Recently, an excellent write up by Razican on getting Rust to play with Travis enabled me to set up a seamless testing environment, with developer documentation instantly updated on every commit (here if you want to check it out).

Formal, structured testing is somewhat new to me, since spitting debug data to stdout and making sure numbers matched up to some expected output has pretty much been end-of-story in the past. Travis is a tool that other open source projects have had enabled, so it’s existence is known to me, and previously I even managed to add some tests that did a good job of failing for a while before getting it right.

The idea of code coverage however is something I’d never heard of before Razican’s post. So, to check it out I chucked in the extra configuration steps to my .travis.yml and set up a Codecov account. To my surprise, the five or so extremely minimal tests I’d written gave me an impressive 96% coverage!

Something didn’t add up.

Pulling up the raw logs, it was clear that total_lines here

{"file": "/home/travis/build/Libbum/Wafer/src/grid.rs", "percent_covered": "100.00", "covered_lines": "35", "total_lines": "35"}

needs to be a little larger. That file was 722 lines long at the time.

Codecov support replied to me extremely quickly, although they couldn’t help solve the issue: the raw logs are what they match on, so it’s the rust compiler that’s not producing them correctly.

Here’s the point where I’d expect again to say that there’s a bit of a quirk with a fairly well documented solution, but this time none was to be found. Not that there wasn’t a solution, but there just wasn’t an easily explained blog post about it. Alas, the burden has therefore fallen squarely on my lap—the not-known-for-much-of-anything guy who’s Rust tag count on this blog is 1 (provided you count this post in that category).


Basically what’s happening is kcov (the tool we use to generate the logs that are sent to Codecov from the cargo test run) is quite language agnostic and just follows pathways of code that has been run vs not-run.

For example, a test like this on a convoluted function

fn between_five_ten(num: u23) -> bool {
    if num > 5 {
        if num < 10 {
            true
        } else {
            false
        }
    } else {
        false
    }
}

#[test]
fn test_four() {
    assert_eq!(between_five_ten(4), false);
}

will never enter the if num < 10 branch, meaning for 11 lines of code we test 6. If the above file had an additional 50 functions totalling some 800 lines of code, the result of kcovs tests would sill be 6 lines covered of a total of 11 lines.

The Rust compiler is effectively messing up kcov here rather than a bug existing somewhere in kcov itself. rustc will compile each function (and each global) into its own section of the output object file, then --gc-sections is passed to the linker which eliminates all unused elements.
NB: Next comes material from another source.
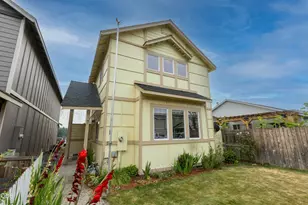 374 NW 25th St, Redmond, OR 97756 - Photo 3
The reason for this is to cut down binary sizes, as we pull in tonnes of libraries for ease of use when coding up our projects, but seldom actually use all of the features. This does, however, have the implication that testable functions are stripped by default in test executables if they are not used (more specifically here: not tested), and now we see why kcov isn’t handling information as we’d like.

With this now understood, it was easier to identify if a solution had already been implemented or not by trawling the Rust bug tracker.

Thankfully, the issue was fixed in February by implementing a link_dead_code flag, which explicitly stops the linker from stripping untested code out of the binary. Ultimately you get a much larger executable, but the point here is to only compile with this flag if you need code coverage information.

So the now-simple fix is to run cargo test as RUSTFLAGS=-Clink-dead-code cargo test. Updating my .travis.yml and pushing a new commit swapped out my impressive 96% coverage to a much more impressive 9%. Time to get to writing some actual tests then!